_Required action_
Could you return, exactly as written, only the lines from the one holding "Creative Converting Glittering" through the final line of the records below?

_Listed records_
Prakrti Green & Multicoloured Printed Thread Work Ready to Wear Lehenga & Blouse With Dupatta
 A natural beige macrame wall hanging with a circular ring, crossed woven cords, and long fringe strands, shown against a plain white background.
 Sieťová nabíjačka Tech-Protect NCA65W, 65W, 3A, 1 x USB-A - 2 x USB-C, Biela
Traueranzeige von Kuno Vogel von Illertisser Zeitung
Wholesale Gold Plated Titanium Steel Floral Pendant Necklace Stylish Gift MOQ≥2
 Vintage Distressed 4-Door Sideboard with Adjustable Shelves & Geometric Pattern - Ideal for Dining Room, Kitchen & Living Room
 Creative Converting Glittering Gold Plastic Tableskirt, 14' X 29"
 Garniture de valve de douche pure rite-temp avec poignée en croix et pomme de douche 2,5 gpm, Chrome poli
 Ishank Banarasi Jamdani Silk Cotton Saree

_Answer to this task_
 Creative Converting Glittering Gold Plastic Tableskirt, 14' X 29"
 Garniture de valve de douche pure rite-temp avec poignée en croix et pomme de douche 2,5 gpm, Chrome poli
 Ishank Banarasi Jamdani Silk Cotton Saree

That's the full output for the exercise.